As long as biblical mandates which allow for the harm and slaughter of animals, because they are 'less than human', remain unchallenged, the baser impulses to torture innocent beings will be given legitimacy in the name of culture. Any culture based on the primitive pronouncements of dominion will inevitably lead to perverse and sadistic treatment of animals. Pumped up with notions of their own importance, men such as Angus MacNeil, claim the right to brutally slaughter helpless gannet chicks. Such spiritually bankrupt individuals, who take their cue of sanctioned slaughter from the bible, intend to stone to death numerous defenseless animals with impunity because they were granted this right by dominion. In this instance stoning, the method of slaughter, too is taken directly from the bible.
"...in their behavior toward creatures, all men were Nazis. The smugness with which man could do with other species as he pleased exemplified the most extreme racist theories, the principle that might is right". Isaac Bashevis Singer
To the gannet chicks on the Isle of Lewis dominion is no different than nazism to its victims...

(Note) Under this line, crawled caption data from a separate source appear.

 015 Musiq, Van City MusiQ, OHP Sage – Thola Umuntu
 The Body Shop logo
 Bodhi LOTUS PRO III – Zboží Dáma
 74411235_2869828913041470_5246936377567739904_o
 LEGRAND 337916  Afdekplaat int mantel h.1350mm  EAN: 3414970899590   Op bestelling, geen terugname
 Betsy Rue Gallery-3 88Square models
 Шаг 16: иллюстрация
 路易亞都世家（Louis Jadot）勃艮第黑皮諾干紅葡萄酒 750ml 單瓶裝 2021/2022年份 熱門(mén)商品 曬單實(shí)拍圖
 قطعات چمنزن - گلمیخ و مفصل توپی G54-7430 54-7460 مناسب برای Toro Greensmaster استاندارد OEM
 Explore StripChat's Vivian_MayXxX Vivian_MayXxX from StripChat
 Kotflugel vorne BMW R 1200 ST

In the Jain religious tradition of India, cruelty is not blessed by religious institutions and authorities. Animals are granted the same right as humans to remain free from harm: ahimsa. The result of this more enlightened view is superior animal legislation and greater tolerance of animal-human interactions. Those involved in this shameless display of sadism of the guga hunt, would do well to consider the words of this enlightened religious view.

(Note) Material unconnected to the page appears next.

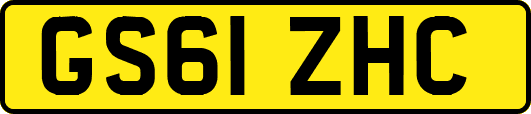 GS61ZHC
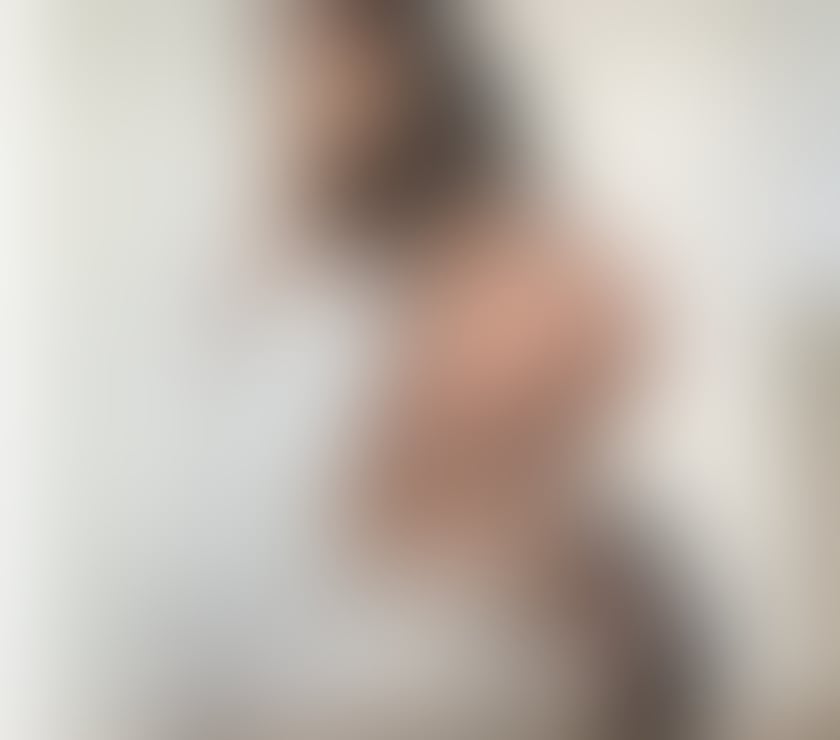  Escorts & Erotic Massage Roath Cardiff - Photos for Natasha back to town party girls only outcall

All things breathing, all things existing, all living beings whatever, would not be slain or treated with violence, or insulted, or tortured or driven away. This is the pure unchanging eternal law, which the wise ones who know the world have proclaimed... - Jain Acharanga Sutra
All beings with two, three, four or five senses in fact, all creation know individually pleasure and displeasure, pain, terror and sorrow. ALL are full of fears which come from all directions. And yet there exist people who would cause greater pain to them...Some kill animals for sacrifice, some for their skin, flesh, blood, feathers, teeth or tusks;...Some kill them intentionally and some unintentionally. Some kill because they have been previously injured by them...and some because they expect to be injured. He who harms animals has not understood or renounced deeds of sin...He who understands the nature of sin against animals is called a Sage. - Jain Acharanga Sutra
The barbarity of stoning gannet chicks to death reflects a culture based on the Judeo-Christian view of animals, a tradition that allows for such cruelty, must be challenged. Dominion must be relinquished. Those who express their supremacy over animals by stoning them to death will feel justified in doing so as long as dominion reigns supreme. Avoidance of all contact with and support of this tradition is required to end the hegemony of man's dominion over the animals.